Di manovra in manovra, l’onere fiscale a carico dei cittadini italiani è diventato sempre più insopportabile. Il novello tic cronachistico, che ha tutte le fattezze della consueta campagna di stampa, ha preso a tal punto la mano che non vi è tentato o consumato suicidio che non sia motivabile con la crisi o con la implacabile ferocia dei riscossori, nei confronti dei quali i tartassati hanno rispolverato il motto “dagli all’untore” di manzoniana memoria. Come se la colpa fosse dei termometri che misurano la febbre degli ammalati.
E nel 2012, secondo i dati forniti dal Governo nell’ultimo Documento di Economia e Finanza, il termometro della pressione fiscale toccherà il 45,1% (calcolato sul Prodotto Interno Lordo): quanto basta per stendere il moribondo cavallo dell’economia italiana.
L’ultimo mantra, la cui insistenza è in rapporto di proporzionalità diretta con le vittorie delle varie epifanie della sinistra europea, è l’invocazione della crescita. Come tale obiettivo, di per sé meritorio e prioritario, possa essere perseguito non è dato saperlo, almeno leggendo i breviari dei programmi elettorali di matrice socialdemocratica. Non fosse altro perché l’antica ricetta del deficit spending, ha condotto al disastro di oggi, paventato da David Ricardo: debiti oggi, tasse domani.

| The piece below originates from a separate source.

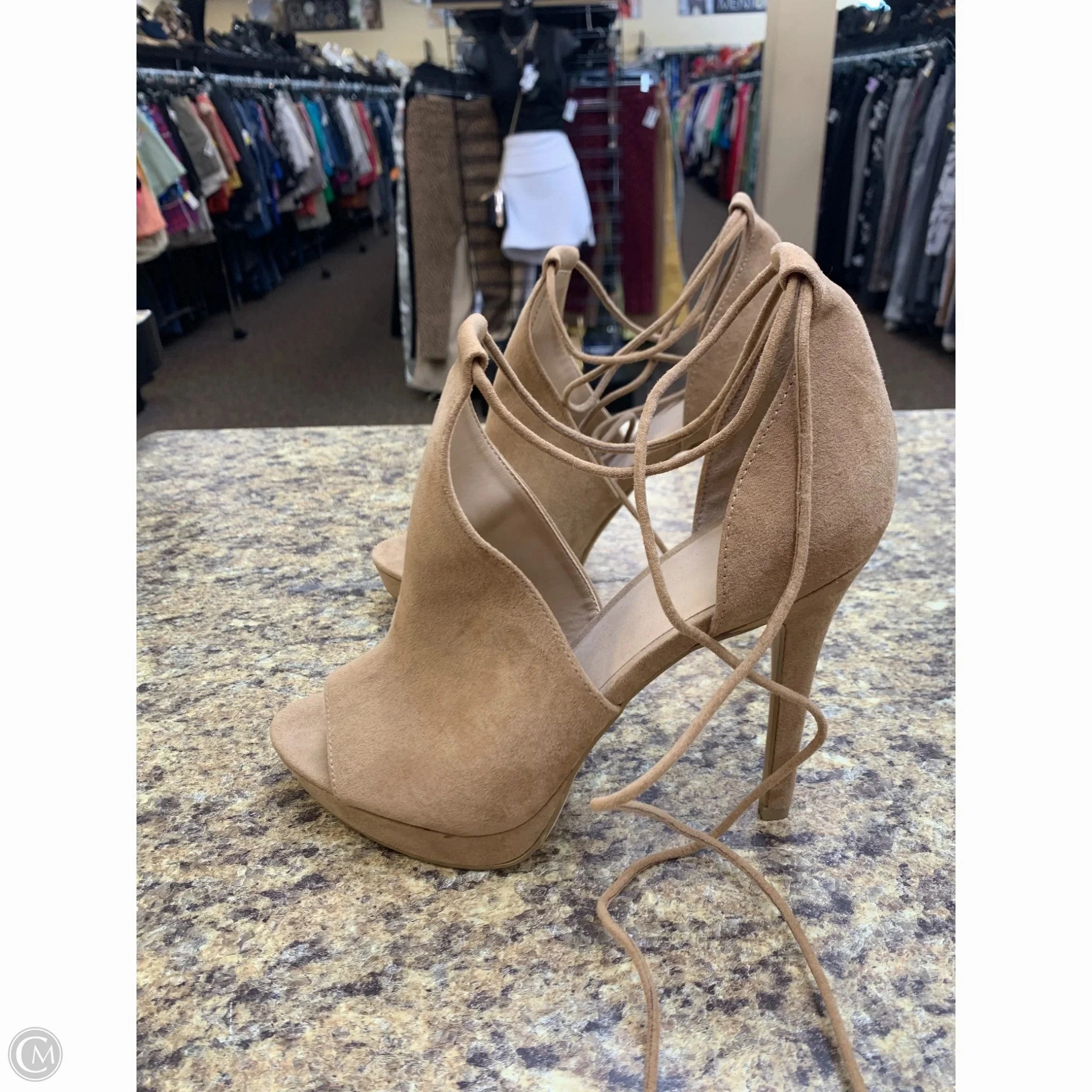 Shoes Heels Stiletto By Apt 9 In Tan, Size: 9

Se poi la fantasia economica dovesse estrarre dal cilindro il coniglio di una qualche forma di svalutazione della moneta, per parte nostra ci teniamo i nostri dubbi. Il penultimo numero dell’Economist, disegnando i contorni di un possibile e sempre più probabile abbandono dell’euro da parte della Grecia, ci ricordava come tra i famigerati PIGS (Portogallo, Irlanda, Grecia e Spagna), l’unico in controtendenza fosse l’Irlanda che, nonostante le conseguenze della crisi finanziaria che l’hanno colpita assai duramente, sta dimostrando segni di sensibile ripresa, con una crescita del prodotto interno lordo sensibilmente positiva e con una ripresa degli investimenti. La ricetta irlandese, non a caso, ha consentito, meglio degli altri paesi sull’orlo del tracollo, il ristabilirsi di nuovi prezzi relativi (per i fattori lavoro e capitale), grazie alla flessibilità del mercato del lavoro ed alla profittabilità degli investimenti in attività d’impresa dovuti alla bassa tassazione. A riprova di come le crisi finanziarie, che poggiano le loro radici nell’economia reale, si superano non inventandosi qualche stratagemma monetario ma facendo ri-funzionare l’economia di mercato.

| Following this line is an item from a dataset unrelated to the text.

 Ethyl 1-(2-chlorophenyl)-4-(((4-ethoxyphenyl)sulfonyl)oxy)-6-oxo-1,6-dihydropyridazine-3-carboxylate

Ma torniamo al nostro paese. Comprendiamo, e condividiamo, il crescente senso di asfissia per uno stato che assorbe quasi la metà della ricchezza prodotta. Anche perché restiamo convinti che ogni euro prelevato dall’erario è un euro sottratto al cittadino: e non ci consta alcuna prova della superiorità delle capacità di spesa, di investimento o, per chi ama il termine, di programma, da parte delle pubbliche autorità. Anzi, in tale materia, dati i tristi esempi italici, ci parrebbe di dover stabilire una sorta di presunzione di inefficienza della spesa pubblica. Ma il nostro, si dirà, è un vecchio pregiudizio individualista.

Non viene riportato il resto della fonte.